Aims of financial management
The financial management of the MLP Group is performed by the central Treasury department in cooperation with the Controlling and Risk Management departments. Our primary objective here is to secure the liquidity of the Group at all times, control the risks involved using the various financial instruments and optimise Group-wide cash management. To this end, we employ a system of rolling liquidity planning with a time frame of 15 to 18 months.
No liabilities or receivables in foreign currencies
There were no significant liabilities or receivables in foreign currencies during the reporting period, as we generate almost 100% of total income in the eurozone. It is therefore not necessary for us to hedge net items in foreign currencies by means of hedging instruments. You can find details on the financial risks in the "Financial risk management" chapter.
Equity ratio at 18.7%
The Group's equity capital backing and liquidity remain good. As of the balance sheet date, shareholders' equity amounted to € 404.9 million and was therefore above the previous year's level (€ 383.6 million). The Group net profit of € 27.8 million for the 2017 financial year had a significant effect on this. However, this was counteracted by the dividend payment of € 8.7 million for the 2016 financial year. Due to the higher balance sheet total, the equity ratio declined from 19.7% to 18.7%. The regulatory equity ratio was 20.0% on the balance sheet date (14.2%). This already reflects the successful work performed to further optimise the corporate structure, together with the objective of significantly increasing attributable equity capital by 2021. Even with today's group structure, MLP still expects increased capital requirements for the next few years in order to meet increased capital requirements and stricter requirements of Basel III.
At present, we are not using any borrowed funds in the form of promissory note bond issues to finance the Group. Our non-current assets are financed in part by non-current liabilities. Current liabilities due to clients and financial institutions in the banking business represent further refinancing funds that are generally available to us in the long term. Total liabilities due to clients and financial institutions in the banking business of € 1,501.2 million (€ 1,308.8 million) essentially comprise client deposits, which have no financing function for the Group. These liabilities are offset on the assets side of the balance sheet by € 1,336.2 million (€ 1,217.5 million) in receivables from clients and financial institutions in the banking business.

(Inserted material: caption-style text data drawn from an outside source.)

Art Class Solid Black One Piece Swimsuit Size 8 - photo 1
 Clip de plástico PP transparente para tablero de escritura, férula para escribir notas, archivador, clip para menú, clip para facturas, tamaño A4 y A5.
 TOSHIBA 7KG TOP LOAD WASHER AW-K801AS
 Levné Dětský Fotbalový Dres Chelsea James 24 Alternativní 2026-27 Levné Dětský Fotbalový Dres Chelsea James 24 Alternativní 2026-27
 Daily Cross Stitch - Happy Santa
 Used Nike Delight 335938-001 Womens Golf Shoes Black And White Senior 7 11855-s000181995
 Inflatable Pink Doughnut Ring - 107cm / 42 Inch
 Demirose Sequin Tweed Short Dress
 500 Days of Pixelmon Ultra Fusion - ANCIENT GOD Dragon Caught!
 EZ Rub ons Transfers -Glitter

Since provisions only account for 4.1% (4.7%) of the balance sheet total, they have no significant financing function for the Group. Other liabilities increased to € 154.9 million (€ 146.9 million) on the balance sheet date, while current liabilities rose to € 149.1 million (€ 143.1 million). These are essentially liabilities from operating activities. Current liabilities are offset on the assets side by cash and cash equivalents of € 301.1 million (€ 184.8 million), which are attributable to temporarily higher deposits at the Deutsche Bundesbank, and financial investments of € 158.5 million (€ 162.3 million), as well as other current assets of € 111.1 million (€ 109.4 million).
On the balance sheet date of December 31, 2017, there were financial commitments from rental and leasing agreements amounting to € 13.7 million (€ 15.8 million). These mainly constitute liabilities from the renting of our branch offices, as well as leasing of motor vehicles and office equipment. They can result in potential total liabilities of € 67.6 million (€ 70.9 million) by the year 2023.
Cash flow from operating activities declined to € 115.5 from € 144.7 million in the same period of the previous year. Here, significant cash flows result from the deposit business with our clients and from the investment of these funds.
Cash flow from investing activities changed from € -41.3 million to € -2.6 million. Compared to the same period of the previous year new investments in financial assets were higher than in the reporting period.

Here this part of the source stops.